Tomamos la senda que desde la parte trasera del pueblo se dirigía al pico Mustallar, uno de los más emblemáticos de la zona. Cada cierto tiempo nos volvemos y comprobamos con una nueva perspectiva cómo encaja el pueblecito en el terreno. El camino aparece y desaparece bajo capas de nieve helada. A lo lejos se escucha un salto de agua que aún no vemos. En seguida la nieve oculta por completo el camino, ¿por dónde seguir? Algún caminante ha madrugado más que nosotros; seguimos su rastro. También vemos huellas de algún cuadrúpedo grande. No sé distinguirlas, pero prefiero imaginar que son de lobo, me gusta más así. Ahora rodeamos una empinada ladera, a media altura, con cuidado porque la nieve a veces cede y no sabemos cómo es el suelo debajo. Si todo sale bien llegaremos a la vaguada y veremos esa cascada que suena cada vez más fuerte. Si no, alcanzaremos al menos lo que parece un collado. Bueno, es más difícil de lo que pensábamos. Cambiamos de objetivo. Nada de cumbre, nada de cascada. Collado. Aquí estamos ya.
Balbucir una descripción de lo que veo me llevaría mucho tiempo y sin ninguna garantía de éxito. Sólo decir que contemplo un paraíso. Alejado del tópico de edén tropical con aves y frutas exóticas y desnudez humana. La gloria aquí es silenciosa, solitaria, de blanca pureza y sugiere las palabras "paz glacial". Y es posible solo gracias al abrigo de las fibras sintéticas que vestimos.
Paz glacial.
No era cuestión de quedarse sin luz aquí arriba, pronto habrá que regresar. Desandar el camino que nos llevó a las faldas nevadas del monte. Pronto regresar a la casita labriega reconvertida, y rehacer los petates, y no marcharse sin probar los huevos con chorizo, todo casero.
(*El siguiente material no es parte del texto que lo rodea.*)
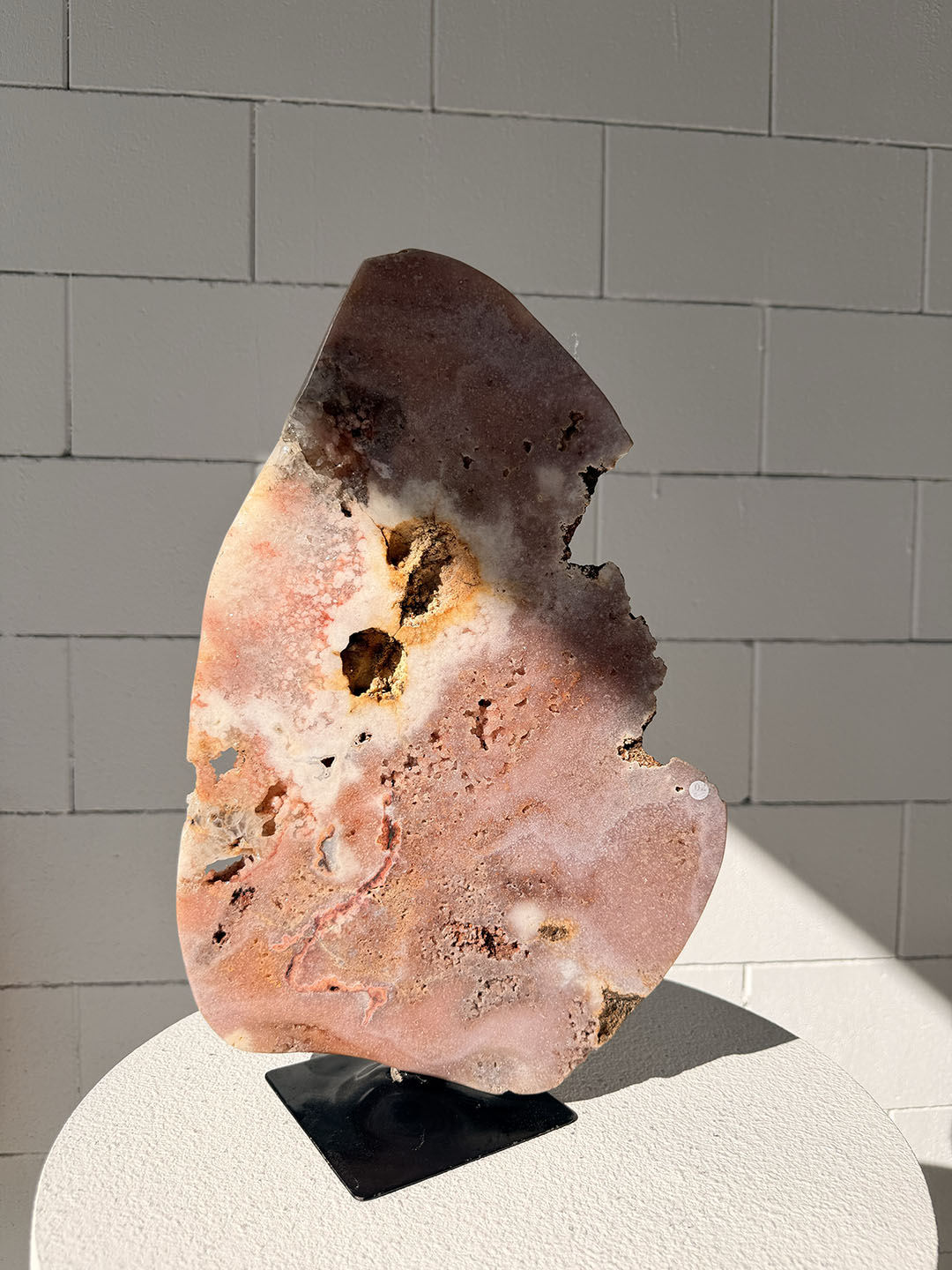 Large Pink Amethyst on Stand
Y enterarse de que el misterioso nipón es un fiel visitante anual, que cada verano paga su estancia con servicios de camarero; ir haciendo memoria de las palabras con las que, si todo va bien, este verano nos presentaremos ante él y lo sorprenderemos, "Furuike ya…" . Pronto ser tomados de la mano por el agua y calcar el trayecto de su ciclo, ser devueltos a la orilla del mar, en donde se acurruca la ciudad que nos tiene por habitantes. Pronto, sí. Pero antes nos tenemos merecido un descanso, arrullados por el silencio, por el extático paisaje, por el tibio sol de febrero que casi obliga a una siesta… de altura. No seré yo quien contradiga tales cósmicas indicaciones. Pero una vez acomodado sobre una roca seca y plana necesito taparme los ojos del sol. Lo siento, pero para ello esta libretita de notas me va perfecta.